======== Data for this exercise

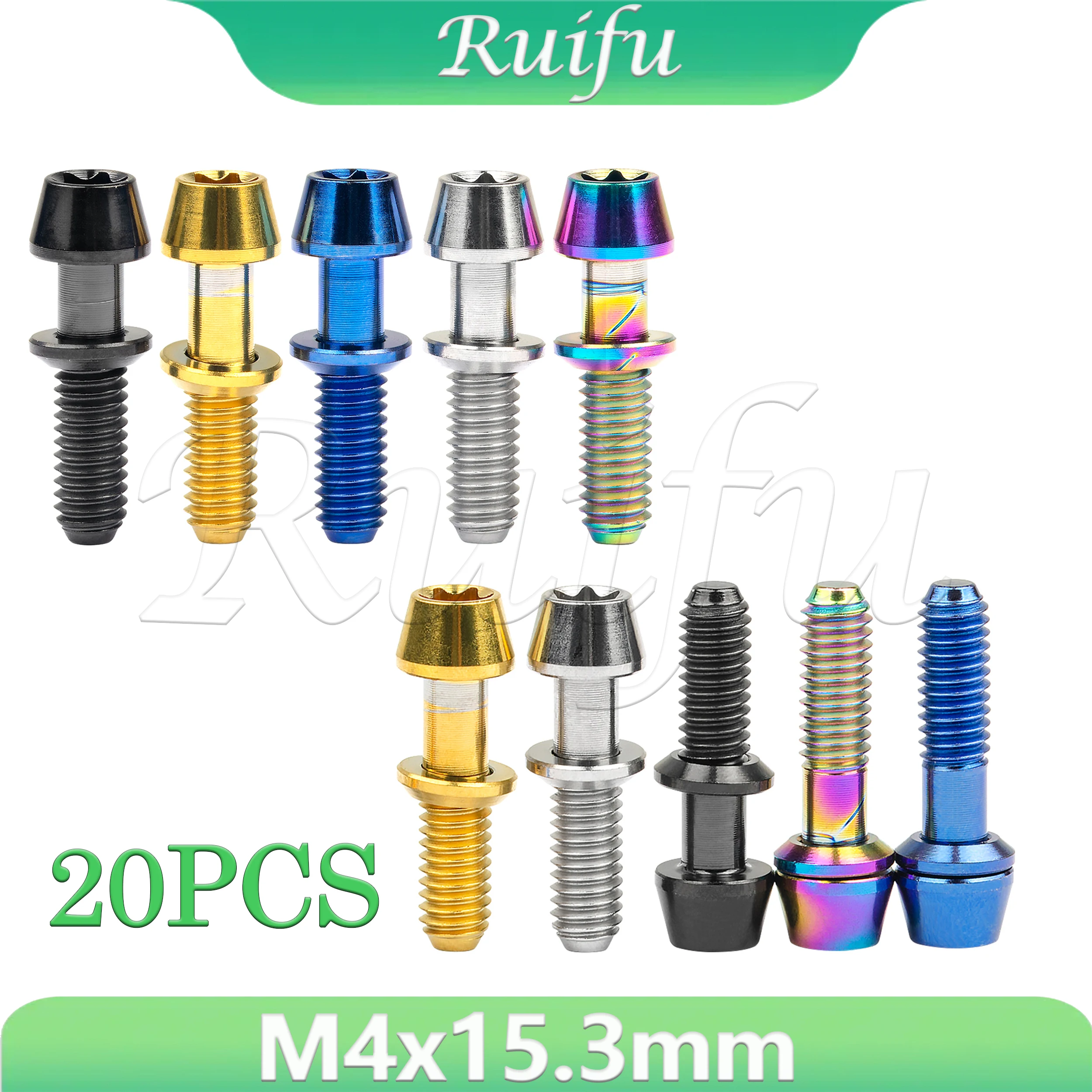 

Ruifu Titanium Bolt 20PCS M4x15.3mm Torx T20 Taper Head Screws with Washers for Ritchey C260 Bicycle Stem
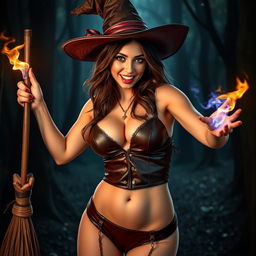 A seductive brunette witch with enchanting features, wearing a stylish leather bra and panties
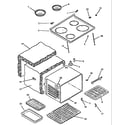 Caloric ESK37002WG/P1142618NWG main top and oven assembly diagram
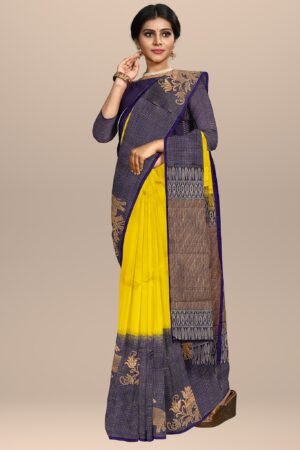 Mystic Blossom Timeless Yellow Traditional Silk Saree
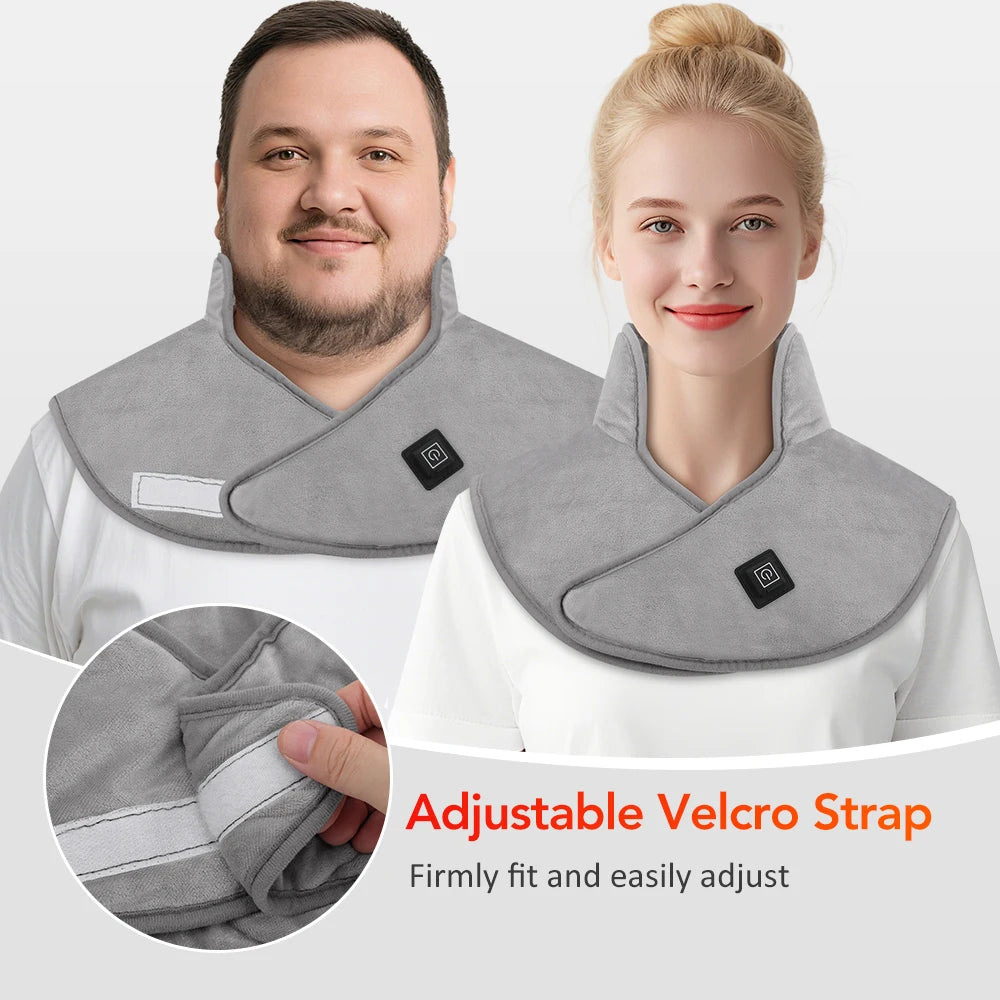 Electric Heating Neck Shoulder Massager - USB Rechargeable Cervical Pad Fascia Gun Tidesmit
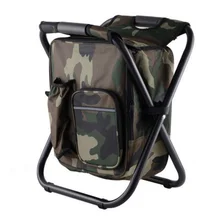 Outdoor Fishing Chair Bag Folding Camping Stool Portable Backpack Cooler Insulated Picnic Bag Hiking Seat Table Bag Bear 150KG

================

Leaving the images out, retype all the material above exactly.

Ruifu Titanium Bolt 20PCS M4x15.3mm Torx T20 Taper Head Screws with Washers for Ritchey C260 Bicycle Stem
 A seductive brunette witch with enchanting features, wearing a stylish leather bra and panties
 Caloric ESK37002WG/P1142618NWG main top and oven assembly diagram
 Mystic Blossom Timeless Yellow Traditional Silk Saree
 Electric Heating Neck Shoulder Massager - USB Rechargeable Cervical Pad Fascia Gun Tidesmit
 Outdoor Fishing Chair Bag Folding Camping Stool Portable Backpack Cooler Insulated Picnic Bag Hiking Seat Table Bag Bear 150KG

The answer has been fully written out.